#### [Exercise instructions]
Take the entries below and print only the lines from the one with "239 Marion St, Corry, PA" through the one with "Una moderna sala", exactly as they stand, both ends included.

#### [Short descriptive text snippets]
::::::::

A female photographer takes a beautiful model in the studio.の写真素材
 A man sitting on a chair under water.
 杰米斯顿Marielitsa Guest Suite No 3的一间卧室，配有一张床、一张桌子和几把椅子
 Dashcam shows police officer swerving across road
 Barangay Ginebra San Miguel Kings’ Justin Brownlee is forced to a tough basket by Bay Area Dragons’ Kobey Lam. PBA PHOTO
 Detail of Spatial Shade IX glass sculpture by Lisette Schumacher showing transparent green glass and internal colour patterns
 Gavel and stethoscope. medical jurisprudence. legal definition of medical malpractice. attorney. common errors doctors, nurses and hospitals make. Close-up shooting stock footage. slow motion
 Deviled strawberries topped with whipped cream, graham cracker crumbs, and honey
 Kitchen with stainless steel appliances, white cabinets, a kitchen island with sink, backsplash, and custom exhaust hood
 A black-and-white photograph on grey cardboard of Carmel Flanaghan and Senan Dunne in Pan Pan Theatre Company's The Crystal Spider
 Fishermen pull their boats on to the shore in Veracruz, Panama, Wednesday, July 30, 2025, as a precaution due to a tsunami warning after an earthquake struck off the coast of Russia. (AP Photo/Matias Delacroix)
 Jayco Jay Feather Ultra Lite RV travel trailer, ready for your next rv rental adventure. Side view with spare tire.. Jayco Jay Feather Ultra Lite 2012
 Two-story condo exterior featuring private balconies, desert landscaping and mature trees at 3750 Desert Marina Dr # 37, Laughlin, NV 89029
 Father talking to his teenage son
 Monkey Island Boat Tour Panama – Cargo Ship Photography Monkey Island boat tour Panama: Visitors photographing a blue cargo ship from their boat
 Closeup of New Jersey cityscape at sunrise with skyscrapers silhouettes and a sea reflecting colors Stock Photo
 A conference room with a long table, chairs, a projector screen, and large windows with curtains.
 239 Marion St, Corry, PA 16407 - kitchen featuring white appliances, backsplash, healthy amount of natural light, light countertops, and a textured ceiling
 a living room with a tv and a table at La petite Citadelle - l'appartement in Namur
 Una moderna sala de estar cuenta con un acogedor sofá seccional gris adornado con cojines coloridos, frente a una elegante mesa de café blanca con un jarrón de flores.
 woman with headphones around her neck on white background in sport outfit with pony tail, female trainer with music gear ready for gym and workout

::::::::

#### [Response]
 239 Marion St, Corry, PA 16407 - kitchen featuring white appliances, backsplash, healthy amount of natural light, light countertops, and a textured ceiling
 a living room with a tv and a table at La petite Citadelle - l'appartement in Namur
 Una moderna sala de estar cuenta con un acogedor sofá seccional gris adornado con cojines coloridos, frente a una elegante mesa de café blanca con un jarrón de flores.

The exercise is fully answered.